Along the way, we meet the members of this charming family, created, it would seem, to provide “comic relief”: back-talking kids; a kept woman who keeps egging on her man to get “back in the game” to do “just one more drop” so he can better take care of her; a seriously henpecked husband who finally gets up the nerve to put his woman in her place; a mismatched, clothes-wearing mispronouncer; and a “baby mama” with annoyingly nasally voice.
Madea herself remains the oversized, God-fearing “Christian” matriarch, one prone to interlacing her preachin’ with threats and slaps. Then, there are elements popular in the Black community- like baby-daddy issues addressed on “The Maury Povich Show; jokes about weaves and being too ghetto-oh, it’s all so very funny.

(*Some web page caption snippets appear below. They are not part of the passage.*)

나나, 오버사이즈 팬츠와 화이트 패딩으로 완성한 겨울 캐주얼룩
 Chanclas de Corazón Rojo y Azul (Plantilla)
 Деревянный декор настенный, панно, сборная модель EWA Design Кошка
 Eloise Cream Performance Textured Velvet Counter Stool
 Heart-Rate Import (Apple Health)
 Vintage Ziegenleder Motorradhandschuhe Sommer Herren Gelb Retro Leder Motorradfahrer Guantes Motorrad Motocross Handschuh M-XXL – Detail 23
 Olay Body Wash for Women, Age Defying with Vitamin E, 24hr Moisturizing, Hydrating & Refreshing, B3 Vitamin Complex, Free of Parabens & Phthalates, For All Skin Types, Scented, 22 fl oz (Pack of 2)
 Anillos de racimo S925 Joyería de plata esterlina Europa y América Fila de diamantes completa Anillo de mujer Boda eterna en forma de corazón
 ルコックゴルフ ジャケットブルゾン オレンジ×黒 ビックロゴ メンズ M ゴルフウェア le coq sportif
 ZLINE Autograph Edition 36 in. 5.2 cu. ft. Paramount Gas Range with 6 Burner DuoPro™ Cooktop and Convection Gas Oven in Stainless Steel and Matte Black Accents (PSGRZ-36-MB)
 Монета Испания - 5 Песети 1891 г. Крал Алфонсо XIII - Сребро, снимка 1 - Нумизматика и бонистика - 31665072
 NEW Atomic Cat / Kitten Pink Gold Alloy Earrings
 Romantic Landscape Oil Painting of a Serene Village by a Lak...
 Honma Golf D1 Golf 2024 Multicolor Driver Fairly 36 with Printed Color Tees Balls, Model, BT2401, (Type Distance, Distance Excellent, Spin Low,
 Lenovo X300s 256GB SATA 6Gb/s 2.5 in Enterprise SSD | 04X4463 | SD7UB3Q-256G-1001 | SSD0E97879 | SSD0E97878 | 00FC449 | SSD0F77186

Of course, we’ve got the saintly mother; the absent father; the gossipy, lustful senior citizen sistahfriend; the dirty old man AKA Madea’s brother; and, added in for good measure, are the sibling-rivalry, secrets-and-lies characters.
Among the few positives, in his first major acting role, Isaiah Mustafa does a credible job as the archetypal good and dutiful brother (one just wishes he’d been able to wear Old Spice commercial attire!) He’s one-half of an upwardly mobile Black professional couple.
And as usual, the music is on the one: A couple of righteous gospel songs are sure to stir your soul. There are also some great statistical lessons about health issues prevalent in the Black community-cancer, diabetes, obesity-which are dispensed by a doctor character likely to make lady viewers wish he were advising them for real!
To those who say if Tyler Perry isn’t your cup of tea, just don’t go to his productions, that I cannot do. Being a movie fanatic and one who unequivocally supports all of the few Black movies out there, I offer this humble, win-win solution: Just once I wish Perry would use his extraordinary writing abilities and undeniable understanding of what makes Black people laugh to create a real drama or a dramedy or a serio-comic plot-and I don’t mean “Why Did I Get Married” or “Too.”
How about something like ABC’s “Black Modern Family.” If he did that, maybe we all could say in unison “Hallelujer”!